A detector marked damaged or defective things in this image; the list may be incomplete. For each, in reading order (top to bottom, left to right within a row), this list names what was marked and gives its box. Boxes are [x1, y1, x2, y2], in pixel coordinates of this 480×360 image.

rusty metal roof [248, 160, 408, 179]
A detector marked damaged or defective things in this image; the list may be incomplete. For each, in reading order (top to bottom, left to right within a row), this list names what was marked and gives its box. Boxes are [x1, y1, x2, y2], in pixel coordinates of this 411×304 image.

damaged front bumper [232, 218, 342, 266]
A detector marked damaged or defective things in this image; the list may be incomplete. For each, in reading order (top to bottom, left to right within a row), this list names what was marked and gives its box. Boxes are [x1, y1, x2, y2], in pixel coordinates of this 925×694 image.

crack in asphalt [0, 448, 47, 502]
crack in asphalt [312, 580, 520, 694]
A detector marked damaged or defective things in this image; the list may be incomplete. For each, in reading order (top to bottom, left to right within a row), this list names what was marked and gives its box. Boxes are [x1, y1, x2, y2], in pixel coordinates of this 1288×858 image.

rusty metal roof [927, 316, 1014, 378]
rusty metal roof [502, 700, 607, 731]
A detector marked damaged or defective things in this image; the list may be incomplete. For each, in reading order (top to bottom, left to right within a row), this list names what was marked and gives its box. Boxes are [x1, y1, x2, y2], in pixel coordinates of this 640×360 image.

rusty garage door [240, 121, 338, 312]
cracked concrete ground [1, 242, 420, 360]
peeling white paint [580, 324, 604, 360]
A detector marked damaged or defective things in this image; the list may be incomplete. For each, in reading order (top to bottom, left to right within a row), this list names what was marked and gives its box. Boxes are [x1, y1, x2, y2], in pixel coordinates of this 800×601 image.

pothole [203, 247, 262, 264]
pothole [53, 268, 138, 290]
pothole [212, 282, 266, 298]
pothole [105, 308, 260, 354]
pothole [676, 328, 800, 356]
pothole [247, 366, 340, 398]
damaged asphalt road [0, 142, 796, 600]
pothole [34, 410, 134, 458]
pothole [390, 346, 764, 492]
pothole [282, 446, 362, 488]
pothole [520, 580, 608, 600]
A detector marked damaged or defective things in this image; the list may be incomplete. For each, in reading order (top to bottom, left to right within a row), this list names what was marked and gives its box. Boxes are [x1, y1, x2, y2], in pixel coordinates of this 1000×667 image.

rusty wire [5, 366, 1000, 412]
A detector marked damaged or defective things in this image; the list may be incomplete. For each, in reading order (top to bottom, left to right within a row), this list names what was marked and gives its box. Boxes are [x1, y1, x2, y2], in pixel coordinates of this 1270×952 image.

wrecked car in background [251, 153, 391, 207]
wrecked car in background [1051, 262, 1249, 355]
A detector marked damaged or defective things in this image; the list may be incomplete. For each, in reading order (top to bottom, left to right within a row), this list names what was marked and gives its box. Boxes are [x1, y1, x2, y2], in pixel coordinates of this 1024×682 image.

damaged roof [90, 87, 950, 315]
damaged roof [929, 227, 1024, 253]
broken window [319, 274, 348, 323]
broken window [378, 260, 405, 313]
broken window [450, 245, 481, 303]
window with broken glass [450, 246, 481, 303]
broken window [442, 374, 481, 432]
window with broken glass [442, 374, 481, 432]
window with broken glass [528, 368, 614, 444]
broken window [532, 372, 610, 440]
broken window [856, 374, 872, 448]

• WHAT THE EXERCISE ASKS: Lines from the one with "this 1270×952 image." through the last line of the listing above: return these exactly, and nothing else.

• EXERCISE SOLUTION:
A detector marked damaged or defective things in this image; the list may be incomplete. For each, in reading order (top to bottom, left to right within a row), this list names what was marked and gives its box. Boxes are [x1, y1, x2, y2], in pixel coordinates of this 1270×952 image.

wrecked car in background [251, 153, 391, 207]
wrecked car in background [1051, 262, 1249, 355]
A detector marked damaged or defective things in this image; the list may be incomplete. For each, in reading order (top to bottom, left to right within a row), this list names what was marked and gives its box. Boxes are [x1, y1, x2, y2], in pixel coordinates of this 1024×682 image.

damaged roof [90, 87, 950, 315]
damaged roof [929, 227, 1024, 253]
broken window [319, 274, 348, 323]
broken window [378, 260, 405, 313]
broken window [450, 245, 481, 303]
window with broken glass [450, 246, 481, 303]
broken window [442, 374, 481, 432]
window with broken glass [442, 374, 481, 432]
window with broken glass [528, 368, 614, 444]
broken window [532, 372, 610, 440]
broken window [856, 374, 872, 448]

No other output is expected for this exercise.